Me parece que en la Argentina de hoy tenemos tres componentes que tenemos que preguntarnos cómo articular. Uno es un nivel muy grande del activismo social, que vemos cada miércoles con los jubilados, con la marcha antifascista, hay actualmente una coordinadora sindical que se está moviendo frente a los despidos, incluso en Rosario, el Grupo Ciudad Futura participó de un armado electoral, o sea, hay distintos tipos de activismos que en la Argentina por sí solos no pueden mucho, pero son un poder público que está ahí y que es muy relevante y que me parece que hay que tener en cuenta. Otro elemento es el nivel gigantesco de ausentismo que estamos comprobando prácticamente en todas las elecciones incluidas la de Santa Fe. Ese nivel de ausentismo es una suerte de desagrado pasivo que muchas personas tienen con el orden político. Me parecería un enorme error no ver, no priorizar ese dato en nuestras lecturas, en nuestra sociedad. Hay prácticamente la mitad, un poquito menos de la mitad de la sociedad, que considera que el orden político no tiene nada que ver con su vida. Piense lo que piense sobre las cosas, actúa así.
Y me parece que ahí tenemos un dato que yo llamaría -y esto creo habérselo escuchado a Alejandro- un rechazo pasivo, que mientras sea pasivo no produce efectos activos en la política. Y el tercer dato es la proscripción de Cristina Kirchner que yo la interpreto como una ilegalización de la oposición política que puede molestar o irritar a un orden político que cree mínimamente en la diferencia parlamentaria y que quiere adecuar el conjunto de su propia constitución al RIGI y a dos o tres cosas más. Entonces, frente al cierre del orden político y así interpreto es la prescripción de Cristina, como una ilegalización más generalizada y creo que así también lo entendío la izquierda y lo entendieron varios movimientos sociales.
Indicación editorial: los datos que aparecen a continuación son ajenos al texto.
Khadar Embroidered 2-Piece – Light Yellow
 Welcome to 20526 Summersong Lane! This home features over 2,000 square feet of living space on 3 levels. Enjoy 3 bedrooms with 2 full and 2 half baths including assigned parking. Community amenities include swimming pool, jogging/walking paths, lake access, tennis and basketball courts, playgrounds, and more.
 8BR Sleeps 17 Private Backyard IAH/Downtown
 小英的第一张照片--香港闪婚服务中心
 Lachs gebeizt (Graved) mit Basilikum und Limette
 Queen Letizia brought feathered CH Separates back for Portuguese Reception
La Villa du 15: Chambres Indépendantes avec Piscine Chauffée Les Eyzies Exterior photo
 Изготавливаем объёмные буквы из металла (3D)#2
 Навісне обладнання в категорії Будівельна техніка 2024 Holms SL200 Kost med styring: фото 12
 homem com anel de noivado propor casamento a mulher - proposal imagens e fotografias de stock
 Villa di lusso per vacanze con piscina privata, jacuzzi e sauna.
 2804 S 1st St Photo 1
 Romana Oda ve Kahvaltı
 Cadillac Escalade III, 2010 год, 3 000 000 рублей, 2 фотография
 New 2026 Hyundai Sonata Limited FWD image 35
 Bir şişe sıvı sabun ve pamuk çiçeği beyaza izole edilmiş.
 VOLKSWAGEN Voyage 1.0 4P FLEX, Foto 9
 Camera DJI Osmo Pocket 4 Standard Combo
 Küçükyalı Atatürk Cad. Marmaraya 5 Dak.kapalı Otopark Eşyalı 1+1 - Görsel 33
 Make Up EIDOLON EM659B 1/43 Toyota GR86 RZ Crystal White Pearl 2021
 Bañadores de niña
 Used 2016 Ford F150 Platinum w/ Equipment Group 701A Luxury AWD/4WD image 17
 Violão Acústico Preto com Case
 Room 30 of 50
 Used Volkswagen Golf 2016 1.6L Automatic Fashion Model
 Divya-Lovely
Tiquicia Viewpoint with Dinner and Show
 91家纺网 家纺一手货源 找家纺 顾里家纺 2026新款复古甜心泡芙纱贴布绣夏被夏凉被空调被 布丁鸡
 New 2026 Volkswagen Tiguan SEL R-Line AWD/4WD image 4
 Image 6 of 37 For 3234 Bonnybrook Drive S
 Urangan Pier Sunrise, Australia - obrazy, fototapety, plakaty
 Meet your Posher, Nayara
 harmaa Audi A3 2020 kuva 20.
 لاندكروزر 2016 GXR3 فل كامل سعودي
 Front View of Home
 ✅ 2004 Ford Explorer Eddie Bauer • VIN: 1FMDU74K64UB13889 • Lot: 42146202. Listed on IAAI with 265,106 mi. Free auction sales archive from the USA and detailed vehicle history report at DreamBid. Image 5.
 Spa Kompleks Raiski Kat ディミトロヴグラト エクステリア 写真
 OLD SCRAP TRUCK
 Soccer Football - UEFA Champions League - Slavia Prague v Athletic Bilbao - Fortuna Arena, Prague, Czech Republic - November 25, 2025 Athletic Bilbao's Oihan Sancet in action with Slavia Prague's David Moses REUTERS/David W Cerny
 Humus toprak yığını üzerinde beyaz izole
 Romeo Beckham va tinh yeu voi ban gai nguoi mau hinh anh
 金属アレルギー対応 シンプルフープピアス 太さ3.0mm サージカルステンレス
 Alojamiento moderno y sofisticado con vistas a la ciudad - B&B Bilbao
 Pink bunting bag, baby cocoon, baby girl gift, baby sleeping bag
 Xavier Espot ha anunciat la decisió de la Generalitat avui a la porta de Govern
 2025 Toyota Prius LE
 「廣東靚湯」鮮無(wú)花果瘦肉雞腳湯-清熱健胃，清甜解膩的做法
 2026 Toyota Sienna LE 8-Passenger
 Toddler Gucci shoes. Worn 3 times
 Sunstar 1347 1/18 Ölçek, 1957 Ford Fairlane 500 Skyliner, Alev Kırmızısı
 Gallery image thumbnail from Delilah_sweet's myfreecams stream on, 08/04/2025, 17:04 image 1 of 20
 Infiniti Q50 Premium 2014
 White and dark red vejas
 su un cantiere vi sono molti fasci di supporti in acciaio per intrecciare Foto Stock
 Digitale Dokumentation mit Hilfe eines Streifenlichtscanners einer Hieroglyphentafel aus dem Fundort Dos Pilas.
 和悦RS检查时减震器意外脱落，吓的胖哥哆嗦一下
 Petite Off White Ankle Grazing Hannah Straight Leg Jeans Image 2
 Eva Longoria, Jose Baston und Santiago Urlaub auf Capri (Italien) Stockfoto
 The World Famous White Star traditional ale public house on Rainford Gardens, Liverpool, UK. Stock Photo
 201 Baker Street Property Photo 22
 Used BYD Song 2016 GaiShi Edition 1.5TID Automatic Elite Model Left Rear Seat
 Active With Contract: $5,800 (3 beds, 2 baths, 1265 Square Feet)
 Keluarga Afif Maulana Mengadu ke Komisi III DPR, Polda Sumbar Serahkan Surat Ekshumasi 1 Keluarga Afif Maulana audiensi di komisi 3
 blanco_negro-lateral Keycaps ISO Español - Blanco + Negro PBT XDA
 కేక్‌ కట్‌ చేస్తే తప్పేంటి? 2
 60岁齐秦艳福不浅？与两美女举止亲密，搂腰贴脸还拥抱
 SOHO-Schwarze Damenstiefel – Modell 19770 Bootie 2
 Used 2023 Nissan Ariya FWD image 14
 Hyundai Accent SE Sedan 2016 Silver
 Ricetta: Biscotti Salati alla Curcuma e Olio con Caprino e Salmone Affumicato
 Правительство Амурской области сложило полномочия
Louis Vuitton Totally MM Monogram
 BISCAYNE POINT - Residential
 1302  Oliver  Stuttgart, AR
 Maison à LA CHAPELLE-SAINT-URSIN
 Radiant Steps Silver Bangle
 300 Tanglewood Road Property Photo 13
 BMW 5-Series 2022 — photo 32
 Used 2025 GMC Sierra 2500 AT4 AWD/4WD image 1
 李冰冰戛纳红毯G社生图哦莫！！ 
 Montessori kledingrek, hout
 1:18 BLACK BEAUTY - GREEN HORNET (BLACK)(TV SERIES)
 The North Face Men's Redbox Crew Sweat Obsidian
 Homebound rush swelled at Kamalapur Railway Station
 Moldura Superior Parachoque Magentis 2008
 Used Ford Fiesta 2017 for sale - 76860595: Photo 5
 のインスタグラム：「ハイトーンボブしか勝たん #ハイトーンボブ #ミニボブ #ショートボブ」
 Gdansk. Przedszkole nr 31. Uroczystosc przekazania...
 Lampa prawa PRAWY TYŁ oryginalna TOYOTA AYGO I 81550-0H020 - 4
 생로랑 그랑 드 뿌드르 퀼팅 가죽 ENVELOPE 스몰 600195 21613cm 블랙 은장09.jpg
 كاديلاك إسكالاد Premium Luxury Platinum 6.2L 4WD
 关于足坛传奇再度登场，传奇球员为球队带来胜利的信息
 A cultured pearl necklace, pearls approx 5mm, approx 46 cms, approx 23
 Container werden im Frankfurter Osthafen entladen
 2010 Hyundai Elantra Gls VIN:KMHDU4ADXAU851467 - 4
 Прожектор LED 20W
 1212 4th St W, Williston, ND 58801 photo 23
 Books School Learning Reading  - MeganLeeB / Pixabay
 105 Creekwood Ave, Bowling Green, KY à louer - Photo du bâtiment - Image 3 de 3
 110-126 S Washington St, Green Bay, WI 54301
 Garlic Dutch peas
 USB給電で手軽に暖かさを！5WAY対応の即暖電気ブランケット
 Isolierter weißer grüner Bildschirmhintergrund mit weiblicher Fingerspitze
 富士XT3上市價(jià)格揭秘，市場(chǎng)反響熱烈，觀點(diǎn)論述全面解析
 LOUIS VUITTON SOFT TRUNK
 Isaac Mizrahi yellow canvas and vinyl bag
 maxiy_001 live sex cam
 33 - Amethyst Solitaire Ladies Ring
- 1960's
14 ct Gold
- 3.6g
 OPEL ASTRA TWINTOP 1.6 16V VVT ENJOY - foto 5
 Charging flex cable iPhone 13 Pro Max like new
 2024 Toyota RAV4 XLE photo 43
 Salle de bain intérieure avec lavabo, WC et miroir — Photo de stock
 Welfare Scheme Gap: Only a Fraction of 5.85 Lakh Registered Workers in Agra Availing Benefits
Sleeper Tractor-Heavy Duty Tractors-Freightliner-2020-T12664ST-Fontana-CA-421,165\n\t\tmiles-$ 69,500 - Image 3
La pregunta que yo me hago es esta: ¿cómo articulamos esos tres elementos que son activismo -político y social muy amplio, muy lúcido, muy fuerte- con un ausentismo que es un rechazo todavía pasivo, con una ilegalización que amenaza de una manera consistente a muy buena parte de la oposición política?
¿Hay manera de juntar esos tres términos en una estrategia?